Community: Bala (Y Bala)
Built-Up Area: Bala
Traditional County: Merionethshire
Late Victorian terrace, probably built in two phases c.1890, doubtless as a speculative development. It is not shown in the first edition OS map (1888), though is present on the second edition of 1901 (surveyed 1899). The terrace reflects a new degree of prosperity and optimism brought to Bala, and other rural market towns, by the arrival of the railway in the third quarter of the C19; indeed, the materials chiefly employed in the construction of the terrace, engineering and stock bricks, were clearly brought in by rail. This terrace provides a good illustration of the shift, in the second half of the C19, from an indigenous vernacular building tradition, dependent almost exclusively upon local materials, to a more homogenised, geographically non-specific speculative architecture of standardised materials and design.
Belongs to a group of nos 4-20 Ffrydan Road (even).
Three-storey terrace of 9 late Victorian townhouses; of dark grey engineering, and yellow stock brick construction, with yellow, grey and red brick detailing and a continuous slate roof with tiled ridge; 5 chimneys, all with pots, that to the far L (no 6) rendered. The terrace is in two distinct stylistic parts: the left half (nos 4-12) has a facade of engineering bricks, with stock and red brick detailing to windows and in the form of decorative banding; the right-hand part (nos 14-20) is of yellow stock brick with more simplified detailing in engineering brick.
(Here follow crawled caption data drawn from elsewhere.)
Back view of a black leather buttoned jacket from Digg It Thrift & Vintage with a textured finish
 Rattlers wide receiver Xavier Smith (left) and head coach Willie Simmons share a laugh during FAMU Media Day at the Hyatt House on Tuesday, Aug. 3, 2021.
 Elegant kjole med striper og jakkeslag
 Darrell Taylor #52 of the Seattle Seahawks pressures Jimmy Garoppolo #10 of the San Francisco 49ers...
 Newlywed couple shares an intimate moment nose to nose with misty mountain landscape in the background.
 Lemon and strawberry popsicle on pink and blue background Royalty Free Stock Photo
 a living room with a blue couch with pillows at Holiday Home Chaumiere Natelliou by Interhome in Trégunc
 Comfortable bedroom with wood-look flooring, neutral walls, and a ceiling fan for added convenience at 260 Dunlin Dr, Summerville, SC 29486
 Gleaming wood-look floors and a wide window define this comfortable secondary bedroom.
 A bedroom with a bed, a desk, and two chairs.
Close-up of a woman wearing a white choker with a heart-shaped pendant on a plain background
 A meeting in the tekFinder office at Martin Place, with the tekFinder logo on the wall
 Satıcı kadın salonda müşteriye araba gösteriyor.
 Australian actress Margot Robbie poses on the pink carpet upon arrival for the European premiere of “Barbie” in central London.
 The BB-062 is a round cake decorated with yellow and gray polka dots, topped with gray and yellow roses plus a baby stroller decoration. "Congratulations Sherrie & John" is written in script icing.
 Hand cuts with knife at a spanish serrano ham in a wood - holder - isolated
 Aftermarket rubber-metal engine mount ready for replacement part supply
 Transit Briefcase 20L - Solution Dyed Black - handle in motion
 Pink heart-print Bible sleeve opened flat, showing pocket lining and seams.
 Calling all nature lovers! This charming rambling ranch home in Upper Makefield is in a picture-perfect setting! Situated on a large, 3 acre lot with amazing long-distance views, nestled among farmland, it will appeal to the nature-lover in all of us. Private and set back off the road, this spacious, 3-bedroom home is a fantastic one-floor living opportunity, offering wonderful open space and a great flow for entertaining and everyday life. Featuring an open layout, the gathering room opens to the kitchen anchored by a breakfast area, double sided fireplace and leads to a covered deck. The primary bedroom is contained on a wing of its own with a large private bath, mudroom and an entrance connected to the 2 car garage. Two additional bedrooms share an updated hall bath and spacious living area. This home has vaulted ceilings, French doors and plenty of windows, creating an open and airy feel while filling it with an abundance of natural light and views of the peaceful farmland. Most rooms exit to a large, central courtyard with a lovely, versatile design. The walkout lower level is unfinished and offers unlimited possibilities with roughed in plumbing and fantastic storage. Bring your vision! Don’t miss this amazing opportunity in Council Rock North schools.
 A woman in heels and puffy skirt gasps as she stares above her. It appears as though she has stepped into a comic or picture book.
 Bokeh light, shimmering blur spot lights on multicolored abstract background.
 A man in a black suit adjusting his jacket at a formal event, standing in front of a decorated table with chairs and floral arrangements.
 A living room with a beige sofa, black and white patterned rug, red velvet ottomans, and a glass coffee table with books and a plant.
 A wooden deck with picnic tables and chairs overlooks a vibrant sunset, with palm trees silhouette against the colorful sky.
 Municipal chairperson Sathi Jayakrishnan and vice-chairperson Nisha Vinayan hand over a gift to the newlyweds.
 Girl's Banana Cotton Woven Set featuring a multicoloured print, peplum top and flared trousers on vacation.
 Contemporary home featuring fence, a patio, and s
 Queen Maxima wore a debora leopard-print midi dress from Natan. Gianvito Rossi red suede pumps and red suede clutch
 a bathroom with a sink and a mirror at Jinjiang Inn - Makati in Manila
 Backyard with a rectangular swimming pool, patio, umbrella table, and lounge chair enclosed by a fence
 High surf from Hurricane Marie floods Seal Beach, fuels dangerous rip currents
The left half has two reflected pairs of units with an extra unit (no 12) on the end at the R. Each unit is of 2 bays, with its entrance paired with its neighbour (except the end one), and has a full-height canted bay window with simple decorative applied timber framing; cusped bargeboards and decorative wooden finials to shallow gables; plain Victorian cross-windows, modern replacements to no 12. Nos 4 and 6 (L) have narrow round-arched entrances with 4-panel doors and plain overlights; decorative arched niche to blind first floor above. The remaining entrances are broader and have segmental heads; these have 4-panel doors with narrow flanking glazed panels and plain overlights.
The right-hand part of the terrace consists of two reflected pairs with paired central and outer entrances; all except no 18 (centre R) have narrow segmentally-arched openings with 4-panel doors and plain overlights; no 18 has a broader segmentally-arched entrance with tripartite door and glazed panel arrangement as before. Each unit has a 2-storey canted bay with slated middle and roof (though the latter to nos 14 and 16 (L) have been renewed (in lead ?); plain Victorian 4-pane sashes throughout.
The interior was not inspected at the time of survey.
Listed as part of an imposing late Victorian terrace retaining well preserved original character; a good example of a type of speculative development made possible by the arrival of the railway.